According to a Commission document obtained by Politico, this step aims to prevent vetoes imposed by the Budapest government.
Under the current system, the approval of all member states is required to extend sanctions every six months. The Commission’s new proposal, presented to the permanent representatives of EU countries, envisions a shift to qualified majority voting.
This change is reportedly aimed at thwarting Hungary’s demands, such as the “return of Russian assets.”
Loan to Ukraine from frozen assets
The Commission has also communicated to member states the idea of providing a €140 billion loan to Ukraine using frozen assets belonging to the Central Bank of Russia.
It was noted that the loan would be disbursed in tranches and used for both defense and budgetary expenditures.
German opposition leader Friedrich Merz stated yesterday that he supports the initiative but expressed that the money should be used solely for the purchase of military equipment.
Merz explained that repayment of the loan would only be possible if Moscow compensates Ukraine for the damages caused by the war.
The Reuters news agency had previously reported that the plan, dubbed a “reparation loan,” would amount to €130 billion. The report stated that the mechanism would involve exchanging Russian assets for zero-coupon bonds issued by the European Commission.

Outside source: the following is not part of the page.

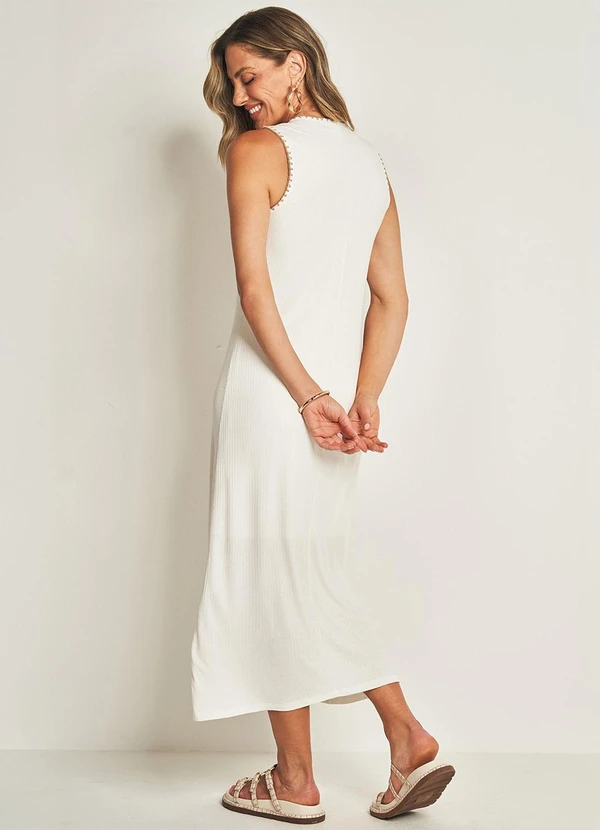 Doce Trama - Vestido Midi Cavado em Ribana Texturizada Branco 2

19th sanctions package on the way
This proposal will be considered alongside the 19th sanctions package being prepared against Russia. European Commission President Ursula von der Leyen announced that the new package will cover banks, liquefied natural gas, the Mir payment system, and new ships participating in the “shadow fleet” used by Russia for its oil trade.
Meanwhile, the EU is under pressure from the US, which wants to tighten sanctions and take measures against India and China for purchasing Russian oil. However, Hungary and Slovakia have repeatedly threatened to block new energy-related initiatives.
According to the Financial Times, the Commission is considering the option of releasing approximately €550 million in EU funds to Hungary to bypass Prime Minister Viktor Orbán’s veto.